Two of America's most infamous and unsolved murder sprees, separated by two decades, may have been the work of a single killer, according to a bombshell new claim from an amateur investigator. The gruesome 1947 murder of aspiring actress Elizabeth Short, known as the Black Dahlia, and the Zodiac killer's reign of terror in the late 1960s have long been considered separate nightmares. Now, a sleuth alleges a former US Navy corpsman was responsible for both.
The Grisly Crimes That Haunt America
On the morning of January 15, 1947, a woman walking in Los Angeles's Leimert Park made a horrific discovery: the naked, mutilated body of a young woman, severed cleanly in half at the waist. The victim, soon identified as 22-year-old Elizabeth Short, had a grotesque smile carved into her cheeks. Her body showed signs of surgical precision, with organs carefully avoided during the bisection. The scene was bloodless, indicating she was killed and washed elsewhere.
Two decades later, a new monster emerged in Northern California. Beginning in December 1968, a killer calling himself 'the Zodiac' stalked young couples, shooting five victims dead and injuring two others. He taunted police and newspapers with cryptic letters and ciphers, boasting of his crimes and adopting a distinctive crosshair symbol. His attacks, including the stabbing of a couple at Lake Berryessa by a hooded assailant, plunged the region into fear.
A Compelling Suspect Emerges
Investigator Alex Baber now asserts that both crime waves were the work of one man: Marvin Skipton Margolis, later known as Marvin Merrill. Baber's theory, which is being reviewed by Californian law enforcement, is built on a web of circumstantial but compelling connections.
Baber claims Margolis was in a relationship with Elizabeth Short in Chicago in the summer of 1946 and that she lived with him in Los Angeles months before her murder. Grand jury records reportedly identified him as the only pre-medical student who had lived with Short. In the weeks before her death, Short allegedly told friends she feared a 'jeanously jealous' ex-Marine boyfriend would kill her.
Margolis's background fits the crimes. As a US Navy corpsman with the 1st Marine Division, he received surgical and sharpshooting training. He served in the Okinawa campaign and returned with a Japanese Nagoya rifle and Type 30 bayonet—a weapon matching injuries on Zodiac victims Bryan Hartnell and Cecelia Shepard.
From Motel to Moniker: The Zodiac Link
Baber's investigation suggests a chilling link between the two cases. On the night Short disappeared, a man matching Margolis's description approached several motels near San Pedro seeking a room with a bath. Just north of these locations was the Zodiac Motel in Lynwood, which opened in June 1946. Baber theorises this may be the origin of the killer's later moniker, not a watch brand as previously thought.
After Short's murder, Margolis changed his surname to Merrill, evaded police questioning in Chicago, and moved on with his life. He married, had children, worked as a used car salesman, and later reinvented himself as an artist in Kansas, claiming to have studied under Salvador Dali.

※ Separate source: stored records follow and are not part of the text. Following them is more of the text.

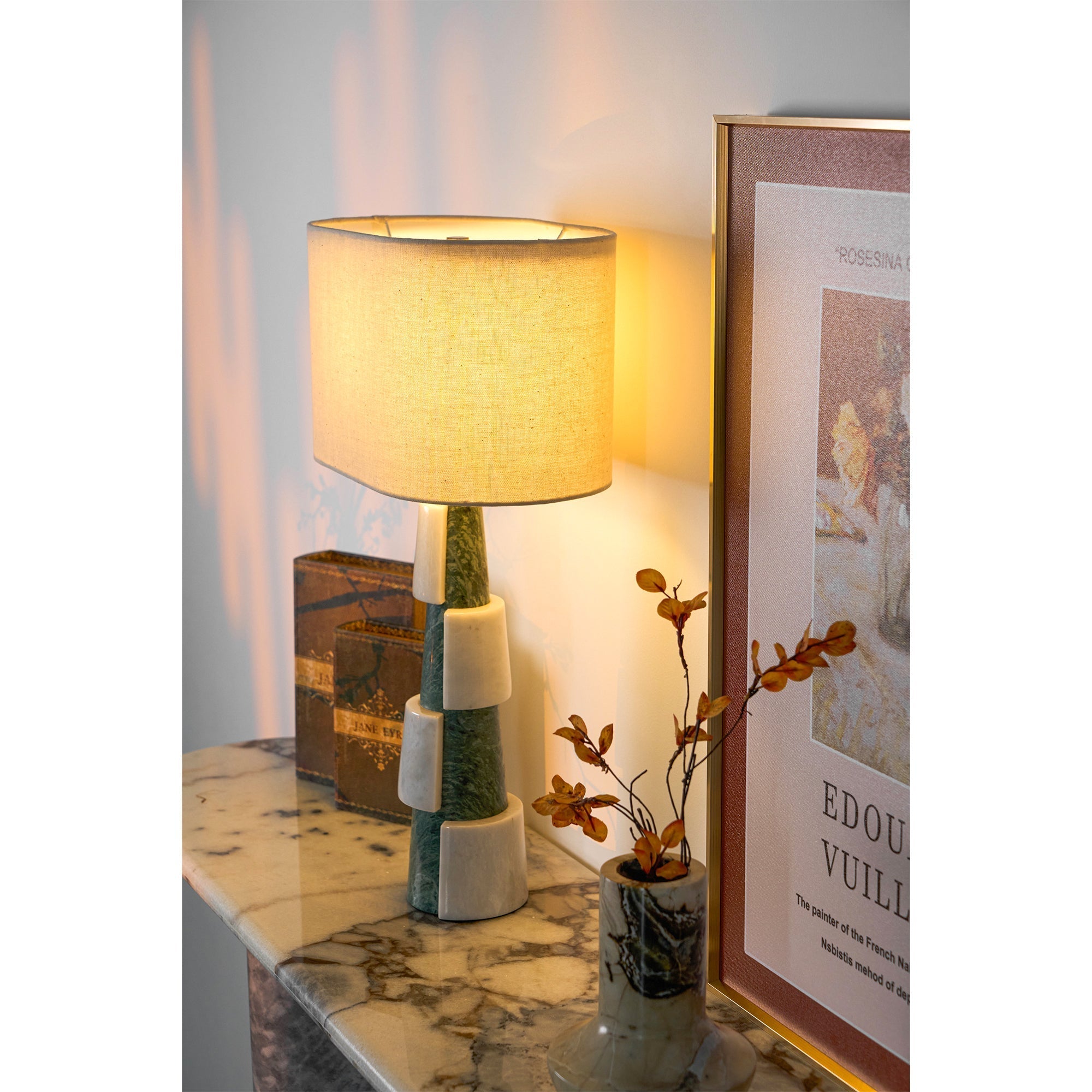 Obelisk Stacked Marble Table Lamp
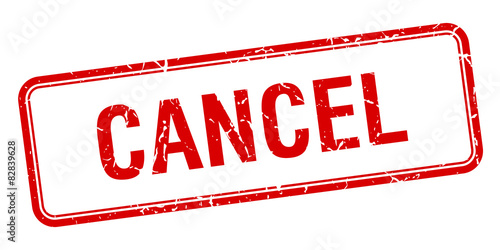 cancel red square grungy vintage isolated stamp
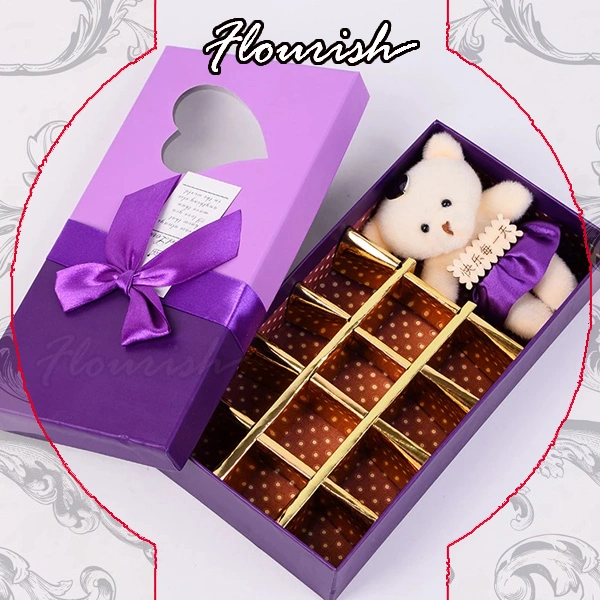 Custom Logo Handmade Chocolate Candy Cookie Gift Packaging Box Teddy Bear Imgae Paper Box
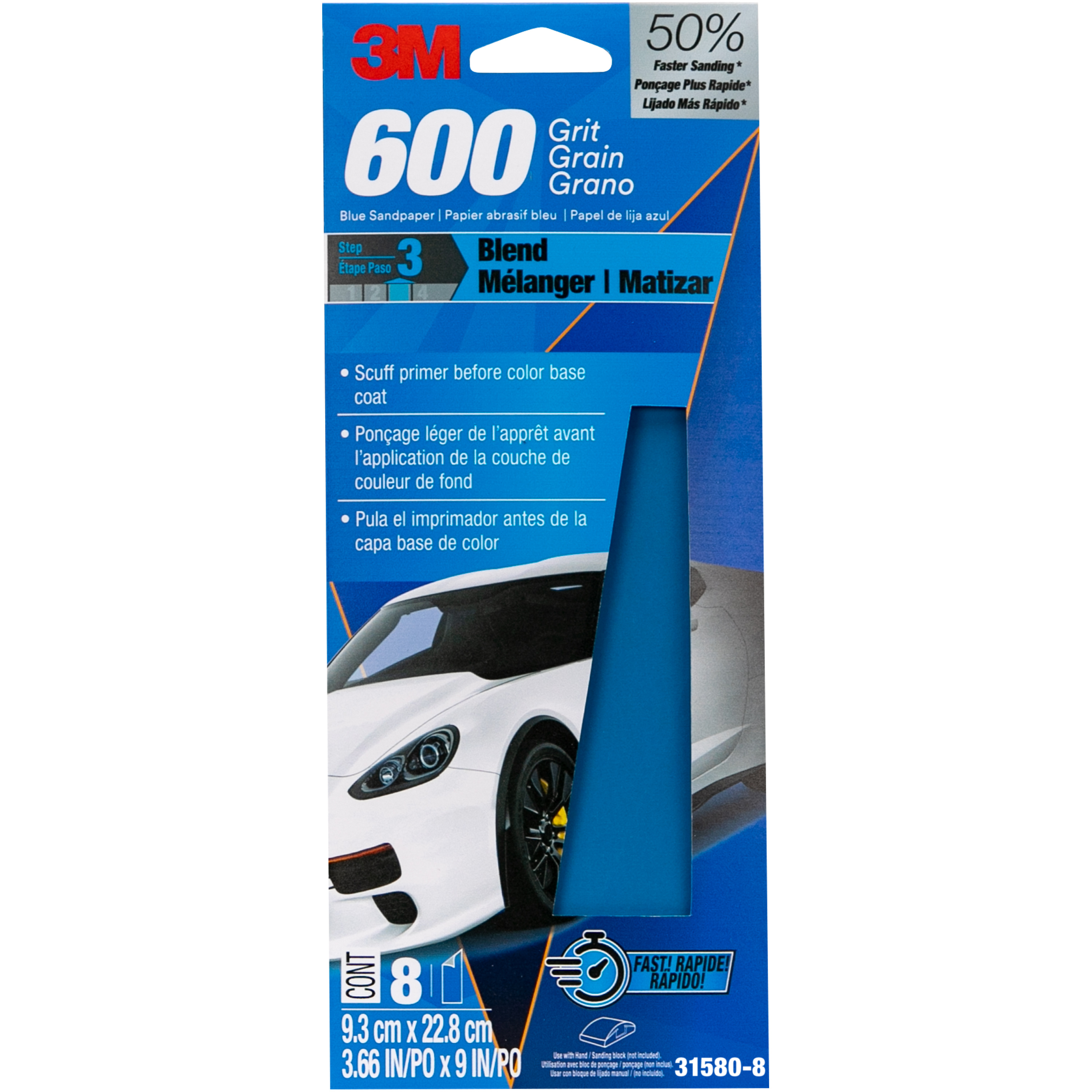 3M™ Sandpaper 03078, 3 2/3 in x 9 in, 320 Grit, 5/Pack, 20 Pack/Case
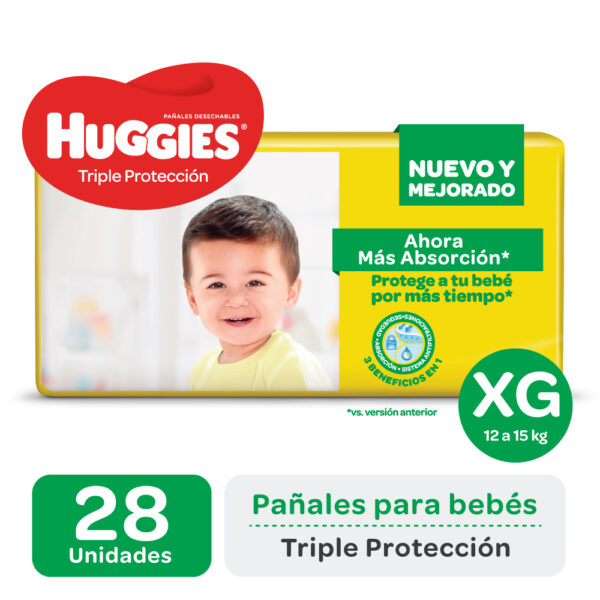Pañal Huggies Triple Protección Xgx28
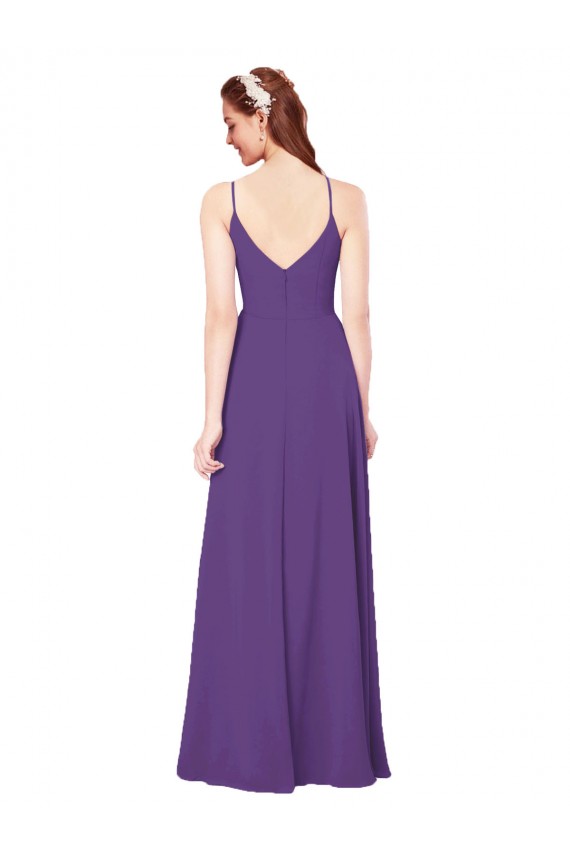 Long Sleeveless Soft Chiffon Plum Purple Sheath Bridesmaid Dress Newcastle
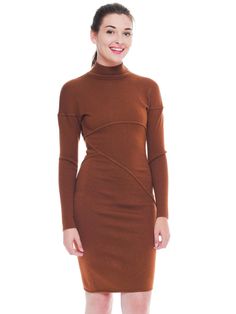 1980s Vintage Amazing Alaia Edgy Dress  Size: S/M Vintage Brown Dress, Edgy Dress, Cinnamon Brown, Azzedine Alaia, Victorian Lace, Knit Turtleneck, Vintage Apparel, Wool Knit, Brown Dress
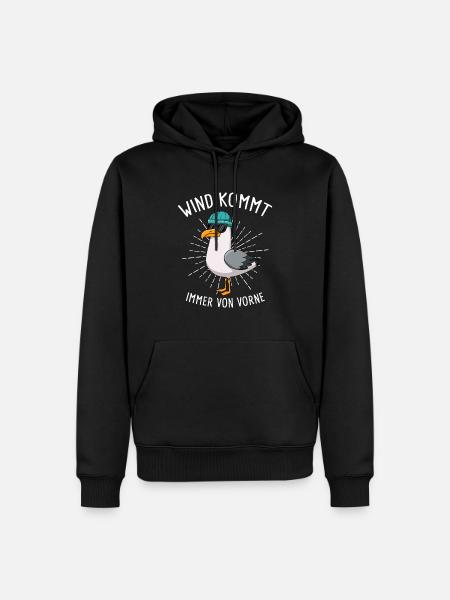 Wind Kommt Immer Von Vorne Möwe - Männer Premium Bio Hoodie - Schwarz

He returned to the West Coast in 1962.
The Zodiac's first confirmed attack was on December 20, 1968. The killer's knowledge of cryptography is another link; during the war, Margolis's friend and former roommate Bill Robinson served in the US Army's Signal Intelligence Service, the military's code-breaking division.
A Deathbed Confession in Ink?
The most startling evidence comes from a box of items given to Baber by Merrill's youngest son. It contains a sketch from 1992, the year Merrill was diagnosed with cancer, signed 'Marty Merrill '92'. The drawing depicts a nude woman's torso with markings eerily similar to the mutilations on Elizabeth Short's body. The name 'ELIZABETH' is written below in block capitals reminiscent of the Zodiac's handwriting.
Using image-enhancement software, Baber claims to have found the word 'ZoDiac' hidden beneath the ink. To Baber, this sketch is a deathbed confession, physically linking the two sets of crimes.
Furthermore, Baber claims to have used AI and census records to decrypt the Zodiac's unsolved 'Z13' cipher, which begins 'My name is -'. His decryption, mirroring methodologies used to crack the Zodiac's other codes, points to the name Marvin Merrill.
The Search for Answers Continues
While Merrill's youngest son has dismissed Baber's findings as 'fiction' and a 'speculative cesspool', the investigator remains adamant. He has vowed to continue seeking justice, having spoken to one of Elizabeth Short's last surviving relatives before she died.
Marvin Merrill died in California in 1993, never having faced justice for any of the crimes. If Alex Baber's extraordinary theory is proven correct, it would represent one of the most significant breakthroughs in the annals of true crime, finally providing answers to mysteries that have transfixed and terrified America for generations.